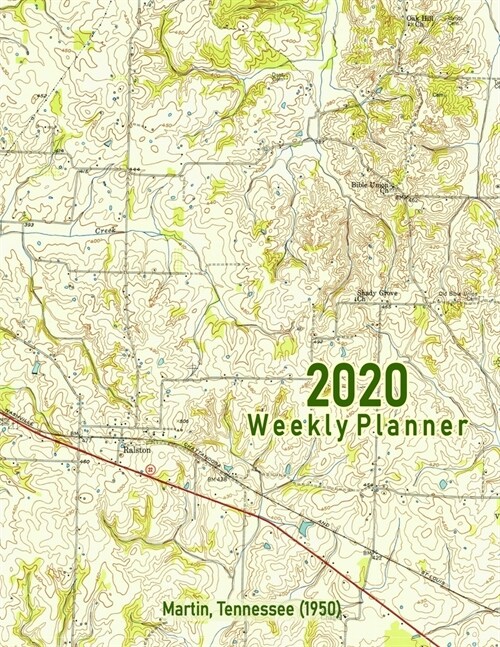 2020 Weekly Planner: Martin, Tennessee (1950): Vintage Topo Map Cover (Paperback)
****
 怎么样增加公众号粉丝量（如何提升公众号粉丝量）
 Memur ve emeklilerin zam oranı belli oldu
****
◆ Task description: Beginning at the line with "怎么样增加公众号粉丝量（如何提升公众号粉丝量）" and stopping after the line with "Memur ve emeklilerin zam oranı belli oldu", please write out every line of the data above exactly and nothing else.

◆ Reply to the exercise:
 怎么样增加公众号粉丝量（如何提升公众号粉丝量）
 Memur ve emeklilerin zam oranı belli oldu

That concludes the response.